> _WHAT IS NEEDED_
All of the data, from the first line to the last, should be reproduced without alteration.

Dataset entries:
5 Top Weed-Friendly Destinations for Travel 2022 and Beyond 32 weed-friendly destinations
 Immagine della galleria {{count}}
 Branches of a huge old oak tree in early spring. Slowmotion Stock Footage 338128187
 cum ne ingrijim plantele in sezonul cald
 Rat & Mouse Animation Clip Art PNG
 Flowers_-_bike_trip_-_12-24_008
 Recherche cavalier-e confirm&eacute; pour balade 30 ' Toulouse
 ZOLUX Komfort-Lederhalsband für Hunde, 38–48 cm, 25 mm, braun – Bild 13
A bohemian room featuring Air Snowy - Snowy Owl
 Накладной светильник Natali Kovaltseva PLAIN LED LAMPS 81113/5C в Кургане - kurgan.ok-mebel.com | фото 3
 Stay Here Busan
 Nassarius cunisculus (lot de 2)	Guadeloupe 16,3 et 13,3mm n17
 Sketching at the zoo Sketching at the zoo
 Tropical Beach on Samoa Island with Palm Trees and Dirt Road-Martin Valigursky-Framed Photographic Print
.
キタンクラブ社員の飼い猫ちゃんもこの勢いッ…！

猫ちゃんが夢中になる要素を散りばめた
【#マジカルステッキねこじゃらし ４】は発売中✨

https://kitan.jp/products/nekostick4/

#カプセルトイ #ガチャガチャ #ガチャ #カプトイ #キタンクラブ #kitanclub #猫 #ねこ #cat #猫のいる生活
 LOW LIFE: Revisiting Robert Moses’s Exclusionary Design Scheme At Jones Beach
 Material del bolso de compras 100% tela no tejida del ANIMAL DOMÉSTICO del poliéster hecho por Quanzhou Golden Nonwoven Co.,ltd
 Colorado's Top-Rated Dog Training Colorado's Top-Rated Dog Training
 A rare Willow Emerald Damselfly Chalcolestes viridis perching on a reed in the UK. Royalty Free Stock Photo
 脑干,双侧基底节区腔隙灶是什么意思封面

> _OUTPUT OF THE EXERCISE_
5 Top Weed-Friendly Destinations for Travel 2022 and Beyond 32 weed-friendly destinations
 Immagine della galleria {{count}}
 Branches of a huge old oak tree in early spring. Slowmotion Stock Footage 338128187
 cum ne ingrijim plantele in sezonul cald
 Rat & Mouse Animation Clip Art PNG
 Flowers_-_bike_trip_-_12-24_008
 Recherche cavalier-e confirm&eacute; pour balade 30 ' Toulouse
 ZOLUX Komfort-Lederhalsband für Hunde, 38–48 cm, 25 mm, braun – Bild 13
A bohemian room featuring Air Snowy - Snowy Owl
 Накладной светильник Natali Kovaltseva PLAIN LED LAMPS 81113/5C в Кургане - kurgan.ok-mebel.com | фото 3
 Stay Here Busan
 Nassarius cunisculus (lot de 2)	Guadeloupe 16,3 et 13,3mm n17
 Sketching at the zoo Sketching at the zoo
 Tropical Beach on Samoa Island with Palm Trees and Dirt Road-Martin Valigursky-Framed Photographic Print
.
キタンクラブ社員の飼い猫ちゃんもこの勢いッ…！

猫ちゃんが夢中になる要素を散りばめた
【#マジカルステッキねこじゃらし ４】は発売中✨

https://kitan.jp/products/nekostick4/

#カプセルトイ #ガチャガチャ #ガチャ #カプトイ #キタンクラブ #kitanclub #猫 #ねこ #cat #猫のいる生活
 LOW LIFE: Revisiting Robert Moses’s Exclusionary Design Scheme At Jones Beach
 Material del bolso de compras 100% tela no tejida del ANIMAL DOMÉSTICO del poliéster hecho por Quanzhou Golden Nonwoven Co.,ltd
 Colorado's Top-Rated Dog Training Colorado's Top-Rated Dog Training
 A rare Willow Emerald Damselfly Chalcolestes viridis perching on a reed in the UK. Royalty Free Stock Photo
 脑干,双侧基底节区腔隙灶是什么意思封面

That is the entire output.